Work request ::
Please repeat only the stretch of records running from the first line through the line that contains "Detské in-line chrániče veľkosť s, s".

[Records from a collection]
============================================================
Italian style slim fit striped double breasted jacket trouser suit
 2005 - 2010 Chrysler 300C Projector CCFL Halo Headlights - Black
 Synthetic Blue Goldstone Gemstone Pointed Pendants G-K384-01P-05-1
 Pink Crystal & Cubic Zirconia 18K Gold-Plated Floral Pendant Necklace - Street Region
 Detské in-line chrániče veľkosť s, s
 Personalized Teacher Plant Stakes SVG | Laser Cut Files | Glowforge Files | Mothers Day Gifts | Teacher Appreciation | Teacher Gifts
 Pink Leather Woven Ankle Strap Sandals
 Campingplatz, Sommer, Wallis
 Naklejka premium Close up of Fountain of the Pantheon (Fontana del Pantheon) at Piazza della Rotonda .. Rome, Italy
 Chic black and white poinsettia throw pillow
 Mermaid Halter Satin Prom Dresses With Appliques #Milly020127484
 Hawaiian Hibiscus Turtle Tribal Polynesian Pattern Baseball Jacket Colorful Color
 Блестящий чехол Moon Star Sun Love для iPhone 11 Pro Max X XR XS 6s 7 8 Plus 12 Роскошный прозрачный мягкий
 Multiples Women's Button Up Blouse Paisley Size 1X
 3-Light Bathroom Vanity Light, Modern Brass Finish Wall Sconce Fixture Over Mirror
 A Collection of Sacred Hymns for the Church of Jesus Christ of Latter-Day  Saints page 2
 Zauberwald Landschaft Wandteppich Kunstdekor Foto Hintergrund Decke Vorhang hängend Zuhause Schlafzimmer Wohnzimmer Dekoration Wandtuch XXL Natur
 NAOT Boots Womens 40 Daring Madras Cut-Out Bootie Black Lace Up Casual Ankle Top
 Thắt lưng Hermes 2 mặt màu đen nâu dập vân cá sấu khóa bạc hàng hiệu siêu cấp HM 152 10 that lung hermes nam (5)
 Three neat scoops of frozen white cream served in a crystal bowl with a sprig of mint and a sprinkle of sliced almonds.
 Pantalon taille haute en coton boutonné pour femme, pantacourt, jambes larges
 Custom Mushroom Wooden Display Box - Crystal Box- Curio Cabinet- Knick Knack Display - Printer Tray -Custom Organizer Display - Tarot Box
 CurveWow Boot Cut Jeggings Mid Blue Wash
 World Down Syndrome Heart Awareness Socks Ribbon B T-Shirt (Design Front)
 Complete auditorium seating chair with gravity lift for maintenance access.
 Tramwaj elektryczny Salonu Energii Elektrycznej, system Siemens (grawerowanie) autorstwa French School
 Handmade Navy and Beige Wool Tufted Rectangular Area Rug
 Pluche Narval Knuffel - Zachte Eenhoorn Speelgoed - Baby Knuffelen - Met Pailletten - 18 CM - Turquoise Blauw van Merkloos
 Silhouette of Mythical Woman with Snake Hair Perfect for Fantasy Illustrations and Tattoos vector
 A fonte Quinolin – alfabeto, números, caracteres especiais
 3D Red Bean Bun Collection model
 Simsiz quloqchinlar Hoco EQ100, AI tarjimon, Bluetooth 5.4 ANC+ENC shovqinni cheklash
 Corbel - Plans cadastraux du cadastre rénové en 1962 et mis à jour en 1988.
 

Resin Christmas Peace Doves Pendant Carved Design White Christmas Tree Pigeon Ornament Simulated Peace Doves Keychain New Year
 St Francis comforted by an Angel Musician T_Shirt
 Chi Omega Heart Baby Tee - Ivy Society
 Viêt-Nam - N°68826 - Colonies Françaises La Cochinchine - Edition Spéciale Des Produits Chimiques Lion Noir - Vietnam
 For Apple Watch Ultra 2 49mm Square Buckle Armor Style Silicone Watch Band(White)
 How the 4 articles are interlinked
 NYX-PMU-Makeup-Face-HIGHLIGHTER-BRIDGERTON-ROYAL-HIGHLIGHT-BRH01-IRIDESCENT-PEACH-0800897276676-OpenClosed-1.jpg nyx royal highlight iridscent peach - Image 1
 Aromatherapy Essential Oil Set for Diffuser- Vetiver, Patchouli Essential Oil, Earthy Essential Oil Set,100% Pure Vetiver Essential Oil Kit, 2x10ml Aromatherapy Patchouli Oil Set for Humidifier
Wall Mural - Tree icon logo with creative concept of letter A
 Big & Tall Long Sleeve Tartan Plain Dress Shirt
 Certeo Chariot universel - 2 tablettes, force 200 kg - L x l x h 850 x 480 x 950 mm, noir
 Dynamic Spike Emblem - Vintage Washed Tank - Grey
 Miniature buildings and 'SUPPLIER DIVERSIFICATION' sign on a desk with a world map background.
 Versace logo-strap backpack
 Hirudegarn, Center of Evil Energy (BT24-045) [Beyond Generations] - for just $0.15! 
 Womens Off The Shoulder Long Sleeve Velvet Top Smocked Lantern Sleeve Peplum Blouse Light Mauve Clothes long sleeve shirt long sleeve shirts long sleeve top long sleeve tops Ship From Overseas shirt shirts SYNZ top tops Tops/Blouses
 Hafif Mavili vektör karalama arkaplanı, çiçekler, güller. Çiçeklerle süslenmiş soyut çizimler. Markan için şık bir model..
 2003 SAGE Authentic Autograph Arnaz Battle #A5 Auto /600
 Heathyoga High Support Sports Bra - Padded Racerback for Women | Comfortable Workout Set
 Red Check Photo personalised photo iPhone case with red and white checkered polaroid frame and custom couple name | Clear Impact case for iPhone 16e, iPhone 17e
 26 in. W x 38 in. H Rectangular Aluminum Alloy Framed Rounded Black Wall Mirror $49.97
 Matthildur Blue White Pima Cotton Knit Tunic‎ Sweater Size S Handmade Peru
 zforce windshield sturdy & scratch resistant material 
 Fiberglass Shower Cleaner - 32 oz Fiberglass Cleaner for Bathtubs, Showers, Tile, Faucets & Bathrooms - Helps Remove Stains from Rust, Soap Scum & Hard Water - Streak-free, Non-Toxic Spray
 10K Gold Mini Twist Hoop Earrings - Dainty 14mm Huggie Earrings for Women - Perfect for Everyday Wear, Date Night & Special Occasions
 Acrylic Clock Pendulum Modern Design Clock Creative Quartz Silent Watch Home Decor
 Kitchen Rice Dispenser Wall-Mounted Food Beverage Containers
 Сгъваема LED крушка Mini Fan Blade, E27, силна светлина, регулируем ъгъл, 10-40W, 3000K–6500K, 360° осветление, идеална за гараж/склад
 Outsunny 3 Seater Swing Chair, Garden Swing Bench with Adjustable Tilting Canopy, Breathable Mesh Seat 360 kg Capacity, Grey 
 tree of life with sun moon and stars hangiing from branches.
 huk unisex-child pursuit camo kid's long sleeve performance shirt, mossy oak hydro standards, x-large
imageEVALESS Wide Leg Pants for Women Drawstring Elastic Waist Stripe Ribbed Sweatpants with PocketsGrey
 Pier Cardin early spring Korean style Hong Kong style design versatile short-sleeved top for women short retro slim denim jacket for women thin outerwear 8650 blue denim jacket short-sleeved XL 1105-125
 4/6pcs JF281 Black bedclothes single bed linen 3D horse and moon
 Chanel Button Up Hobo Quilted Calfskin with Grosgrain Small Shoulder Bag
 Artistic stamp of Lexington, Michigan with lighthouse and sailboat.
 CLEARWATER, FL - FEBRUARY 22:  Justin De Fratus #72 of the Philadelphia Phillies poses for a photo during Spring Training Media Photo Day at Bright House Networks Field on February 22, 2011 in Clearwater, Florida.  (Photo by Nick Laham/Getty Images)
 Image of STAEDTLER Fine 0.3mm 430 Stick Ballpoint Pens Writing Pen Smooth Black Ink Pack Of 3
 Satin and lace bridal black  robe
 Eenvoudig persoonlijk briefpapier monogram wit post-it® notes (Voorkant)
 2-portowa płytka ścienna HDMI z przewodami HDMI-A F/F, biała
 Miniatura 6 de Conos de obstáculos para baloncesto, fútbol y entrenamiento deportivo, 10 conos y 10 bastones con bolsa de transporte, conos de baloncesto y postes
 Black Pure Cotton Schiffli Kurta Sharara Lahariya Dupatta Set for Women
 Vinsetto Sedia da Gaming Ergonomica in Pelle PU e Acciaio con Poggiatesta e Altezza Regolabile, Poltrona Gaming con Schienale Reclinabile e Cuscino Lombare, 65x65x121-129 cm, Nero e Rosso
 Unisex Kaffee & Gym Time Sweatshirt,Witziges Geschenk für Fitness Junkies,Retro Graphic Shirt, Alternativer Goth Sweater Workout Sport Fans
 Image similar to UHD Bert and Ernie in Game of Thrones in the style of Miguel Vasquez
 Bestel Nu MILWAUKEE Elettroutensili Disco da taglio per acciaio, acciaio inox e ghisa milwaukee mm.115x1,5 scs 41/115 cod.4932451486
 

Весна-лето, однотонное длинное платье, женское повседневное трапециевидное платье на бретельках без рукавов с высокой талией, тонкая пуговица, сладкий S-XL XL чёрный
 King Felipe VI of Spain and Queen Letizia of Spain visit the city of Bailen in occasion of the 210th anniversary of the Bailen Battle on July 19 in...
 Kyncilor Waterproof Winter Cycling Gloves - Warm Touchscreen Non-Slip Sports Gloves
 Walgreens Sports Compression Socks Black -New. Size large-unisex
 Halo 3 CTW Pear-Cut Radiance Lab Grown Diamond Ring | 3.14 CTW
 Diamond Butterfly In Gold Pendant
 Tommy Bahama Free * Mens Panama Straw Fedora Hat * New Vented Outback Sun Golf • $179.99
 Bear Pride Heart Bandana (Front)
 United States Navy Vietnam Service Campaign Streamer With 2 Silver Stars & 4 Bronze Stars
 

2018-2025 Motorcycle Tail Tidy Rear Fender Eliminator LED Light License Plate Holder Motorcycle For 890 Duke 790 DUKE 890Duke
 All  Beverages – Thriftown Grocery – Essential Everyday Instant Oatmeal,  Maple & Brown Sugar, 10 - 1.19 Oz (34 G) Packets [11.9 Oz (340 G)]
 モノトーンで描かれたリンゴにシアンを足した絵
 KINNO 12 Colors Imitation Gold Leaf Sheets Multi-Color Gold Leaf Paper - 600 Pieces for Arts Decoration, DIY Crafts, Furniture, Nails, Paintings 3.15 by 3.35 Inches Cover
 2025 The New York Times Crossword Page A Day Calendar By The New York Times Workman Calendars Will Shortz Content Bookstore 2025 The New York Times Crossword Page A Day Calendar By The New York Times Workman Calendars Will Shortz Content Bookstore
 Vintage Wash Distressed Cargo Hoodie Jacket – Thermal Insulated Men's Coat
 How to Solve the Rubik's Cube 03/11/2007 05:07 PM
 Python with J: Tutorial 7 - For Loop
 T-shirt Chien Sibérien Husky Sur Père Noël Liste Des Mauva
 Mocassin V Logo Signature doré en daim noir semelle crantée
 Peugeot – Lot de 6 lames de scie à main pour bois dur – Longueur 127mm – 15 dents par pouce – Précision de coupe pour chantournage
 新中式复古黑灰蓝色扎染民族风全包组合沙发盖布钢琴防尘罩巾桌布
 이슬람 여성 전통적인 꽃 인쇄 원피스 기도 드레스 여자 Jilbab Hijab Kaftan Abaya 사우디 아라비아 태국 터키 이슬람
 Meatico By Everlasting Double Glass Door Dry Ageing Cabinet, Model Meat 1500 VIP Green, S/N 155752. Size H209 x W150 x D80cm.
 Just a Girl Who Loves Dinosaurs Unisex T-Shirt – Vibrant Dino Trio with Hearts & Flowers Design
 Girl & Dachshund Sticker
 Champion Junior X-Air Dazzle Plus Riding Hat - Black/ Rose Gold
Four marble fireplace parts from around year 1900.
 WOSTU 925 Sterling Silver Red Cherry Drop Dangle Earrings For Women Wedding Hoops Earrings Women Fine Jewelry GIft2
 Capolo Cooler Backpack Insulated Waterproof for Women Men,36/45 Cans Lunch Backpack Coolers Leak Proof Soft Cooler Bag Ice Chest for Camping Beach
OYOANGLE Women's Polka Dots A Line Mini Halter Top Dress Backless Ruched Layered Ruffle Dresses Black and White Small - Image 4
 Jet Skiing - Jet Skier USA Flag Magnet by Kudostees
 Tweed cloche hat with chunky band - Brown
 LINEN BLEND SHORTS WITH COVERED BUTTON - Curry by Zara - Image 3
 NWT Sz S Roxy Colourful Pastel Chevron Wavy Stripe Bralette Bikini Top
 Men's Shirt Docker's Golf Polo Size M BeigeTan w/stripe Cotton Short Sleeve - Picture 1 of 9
============================================================
Output below ::
Italian style slim fit striped double breasted jacket trouser suit
 2005 - 2010 Chrysler 300C Projector CCFL Halo Headlights - Black
 Synthetic Blue Goldstone Gemstone Pointed Pendants G-K384-01P-05-1
 Pink Crystal & Cubic Zirconia 18K Gold-Plated Floral Pendant Necklace - Street Region
 Detské in-line chrániče veľkosť s, s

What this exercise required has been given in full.